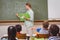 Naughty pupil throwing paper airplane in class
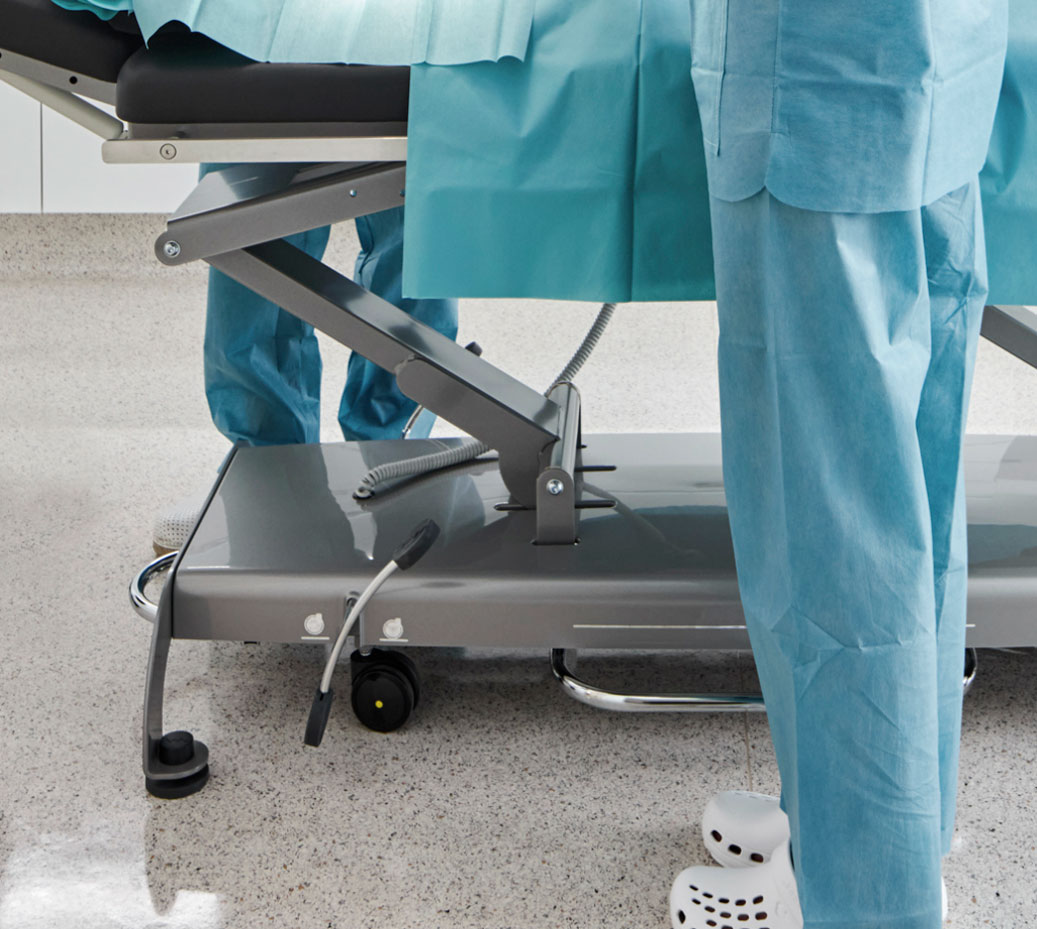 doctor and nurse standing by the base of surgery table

--

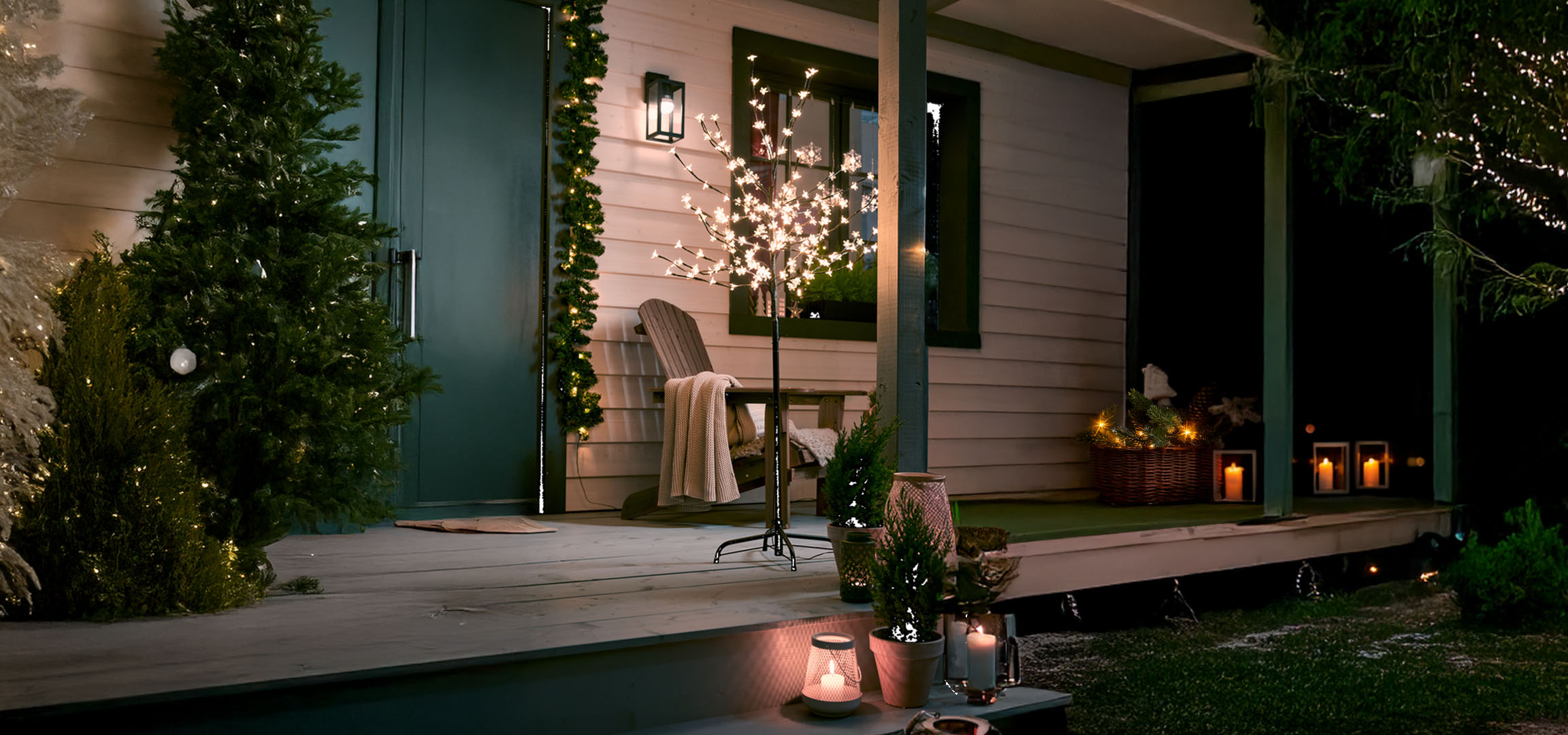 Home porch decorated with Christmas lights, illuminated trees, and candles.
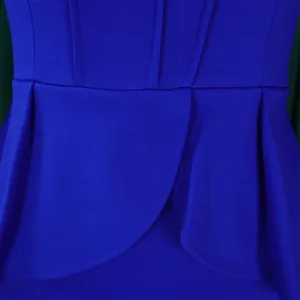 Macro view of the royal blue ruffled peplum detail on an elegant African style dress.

* * *

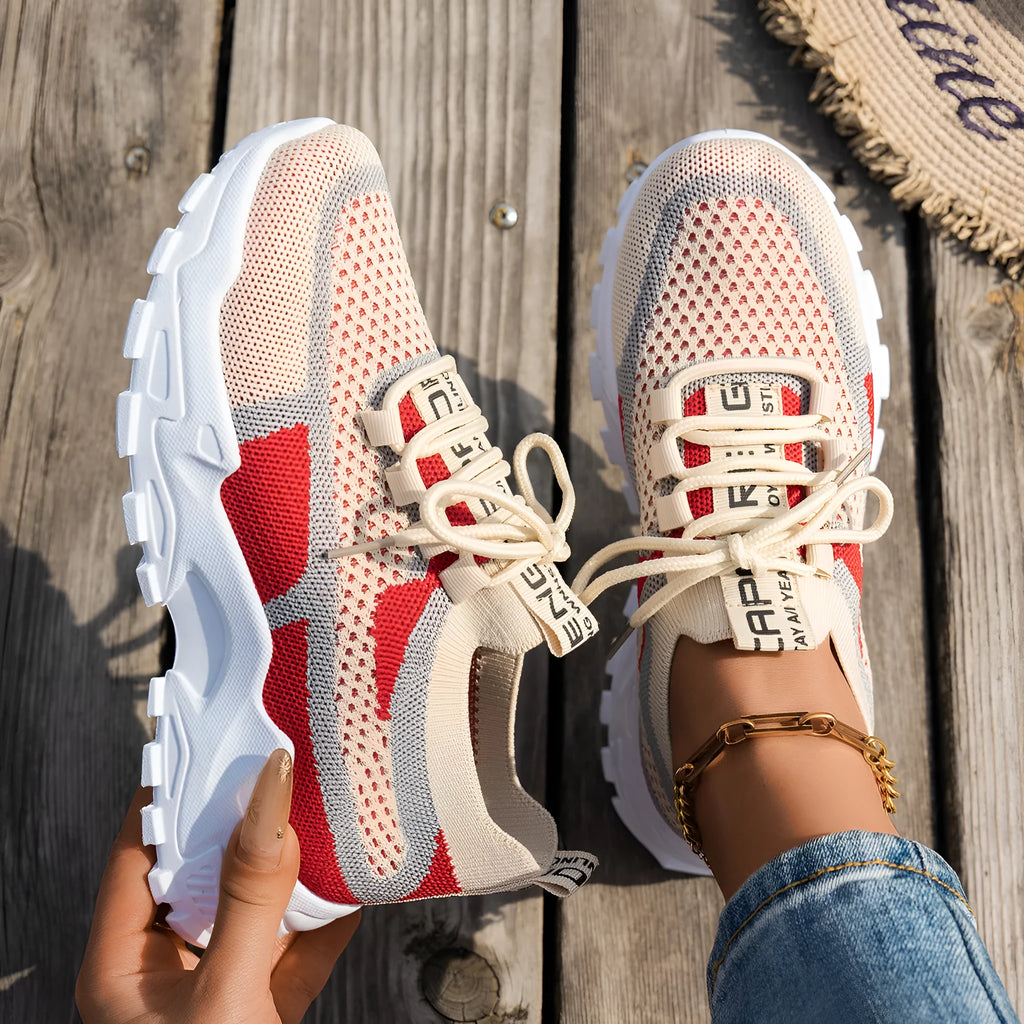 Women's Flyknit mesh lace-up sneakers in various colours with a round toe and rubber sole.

> Exercise details:
Transcribe only this stretch of the data: the line with "Naughty pupil throwing", the line with "doctor and nurse", and every line in between. Leave out the pictures.

> Worked solution:
 Naughty pupil throwing paper airplane in class
 doctor and nurse standing by the base of surgery table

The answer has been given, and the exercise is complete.